Como se pode interpretar a ausência dos pesos pesados da SADC na reunião designada de cimeira em Maputo. Jacob Zuma, Eduardo dos Santos não tiveram tempo para ir a Maputo? Os outros chefes de estado “gazetaram” porque estavam muito ocupados em seus países ou simplesmente tinham uma agenda diferente mais importante segundo seu ponto de vista? Haverá realmente concordância em ver repetido uma intervenção militar como aquela em que Namíbia, Zimbabwe e Angola enviaram tropas para socorrer o regime de Kinshasa?
A reunião de Maputo da SADC é importante se for capaz de trazer os congoleses desavindos para a mesa de conversações. É difícil de prever que uma força conjunta de alguns países da SADC possa limpar a RDC de rebeldes militarizados. Não há recursos financeiros nem capacidade militar efectiva para travar a rebelião na RDC, se isto for tentado, porque a maioria dos países membros se encontrarem orçamentalmente exauridos.
Então porque mais uma reunião se países como o Ruanda e o Uganda, militarmente potentes e próximos de alguns dos rebeldes na RDC não são convidados?
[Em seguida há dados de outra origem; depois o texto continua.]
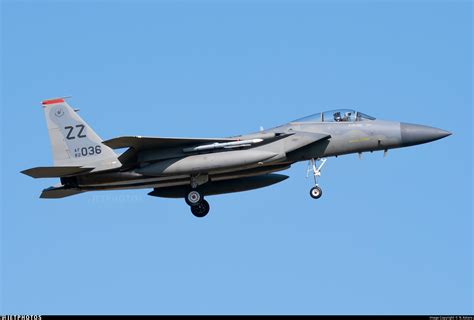 82 0036 Mcdonnell Douglas F 15c Eagle United States Us Air Force Usaf N Kotaro Jetphotos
A persistência pela opção militar tem riscos que poderão não estar merecendo a devida atenção.
Quem se lembra que foi a opção militar de Cartum que empurrou os sudaneses do Sul para a secessão? Quem garante que não haja uma estratégia concertada entre tutsis ruandeses e os tutsis congoleses? Não haveria interesse do Ruanda em apoiar uma rebelião que provocasse uma fractura geográfica na RDC, tornando a sua parte oriental, especialmente os lugares reconhecidamente ricos em minerais em mais uma província ruandesa?
Em política e na relação entre os países todos os cenários devem ser equacionados.
Não é já tempo para o conjunto dos países da SAD acordarem para a realidade política e económica mundial, fortalecerem-se como grupo regional à margem dos interesses geopolíticos e estratégicos de potências e aspirantes a potências?
Se a RDC é o centro do furacão pelas suas cobiçadas reservas minerais então porque não se olha para o assunto com alguma maturidade?
Não estarão determinados países encontrando quem faça as suas guerras?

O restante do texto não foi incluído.